To get to that Hash House, the original Hash House, as we learned, we had to park in a lot in which you stuff dollar bills into the slot amidst a bank of slots that corresponds to the numbered space you parked in. That was a few blocks from Hash House a Go Go, so we walked past bungalows, a rare instance for me to marvel at people living in the midst of what looked like a kind of downtown San Diego. Maybe it was actually part of downtown San Diego. Obviously that thought shows that I know nothing about San Diego beyond Sea World and where we were, and even then I couldn't tell where we are.
Passing the bungalows, there were blinds open in one window, revealing a very small study/library with a lamp in a corner, a small plush red leather couch and a matching red leather easy chair. Right away I wanted to live there. Forget the other rooms in that bungalow, I just wanted that one room. I loved how small it was, how private, and that the bookshelves were tall enough to promise whatever adventures you seek in words.

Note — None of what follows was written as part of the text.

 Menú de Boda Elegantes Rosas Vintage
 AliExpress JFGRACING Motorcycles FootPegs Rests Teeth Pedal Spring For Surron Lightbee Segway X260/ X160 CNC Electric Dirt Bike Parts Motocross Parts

On our walk back from Hash House a Go Go to the car, we passed that same window, but the blinds had been drawn. But I've never forgotten about that room, especially today, reading The Tortilla Curtain by T.C. Boyle, about an illegal Mexican couple's battle to survive in Southern California, living in a ravine and looking for work, and a gated-community couple who want to keep the world out, though the husband is more conflicted than his realtor wife because he writes a nature observation column for a conservation magazine, though it's debatable how much nature is left and especially how much beauty when the Arroyo Blanco Estates homeowners association wants to erect a high wall against the rest of the world, trying to keep out the coyotes (which snatched up the couple's two dogs) and everything else they see as a threat, including illegal immigrants.
I know this world. I live in this world. I see it differently. You do what you can here, whoever you are. You live however you can make it work. The most we have in my Saugus neighborhood (located at the ass end of the Santa Clarita Valley) are people who don't pick up after their dogs, though that means nothing to me because I've never witnessed it and therefore it isn't my problem. It's just the problem of those for whom it's a genuine concern and those nosy types who walk around looking to stir up trouble just to make themselves feel good.
Oh, but I know all about homeowners associations, how the board is populated by little Caesars who know that this is the only kind of power they will ever have, and they're gleeful to use it and abuse it.
Anyway, as I read The Tortilla Curtain, I remembered how I need to make more time for books like these, to inspire me, to reignite my love for understated fiction, of which Boyle is an expert, and stocks it with so many observations that are ironic, absurdly funny, somber and sad. I know for sure that I want to read all of his other books.
And I remembered that study/library, and how this is a perfect book for that kind of setting because you rise up from that room and out into the world, into this particular world, and when you return, you can sit comfortably, pondering everything you've read. And then the shelves beckon again. I want a room like that one day.